§ **Brief**:
Your task is to restate word for word the lines in the material below, from the one with "Scarpe da calcio Derby Indoor in pelle nera" up to and including the one with "Заборы всех типов". Do not carry over the pictures.

§ **Exercise data**:
##############################
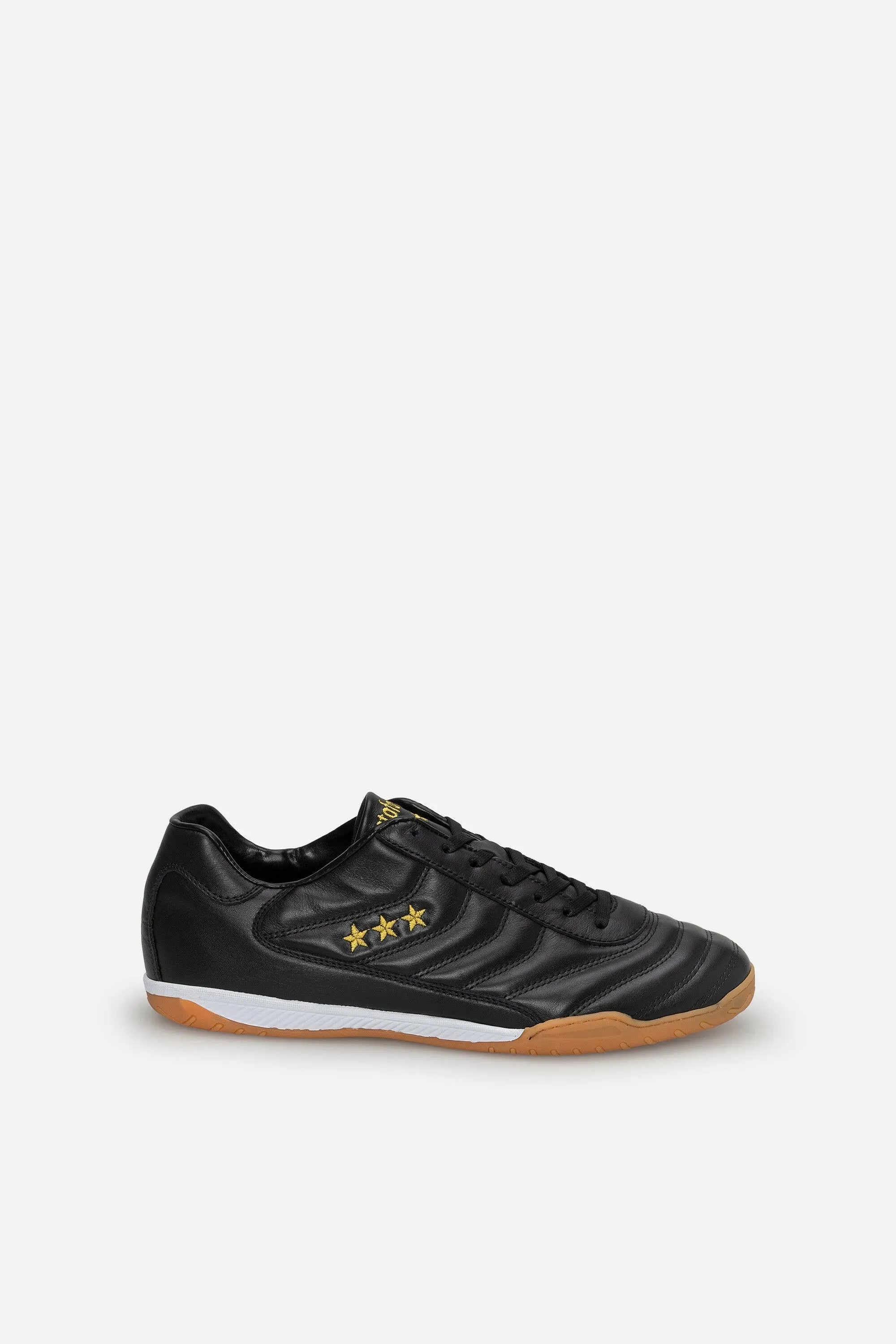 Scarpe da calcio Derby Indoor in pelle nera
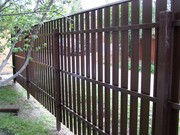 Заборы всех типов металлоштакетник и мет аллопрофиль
##############################
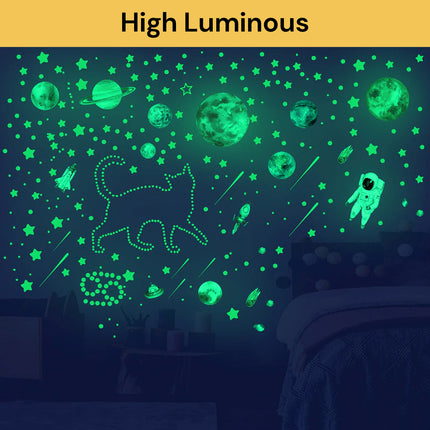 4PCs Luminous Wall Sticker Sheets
##############################
§ **Your solution**:
 Scarpe da calcio Derby Indoor in pelle nera
 Заборы всех типов металлоштакетник и мет аллопрофиль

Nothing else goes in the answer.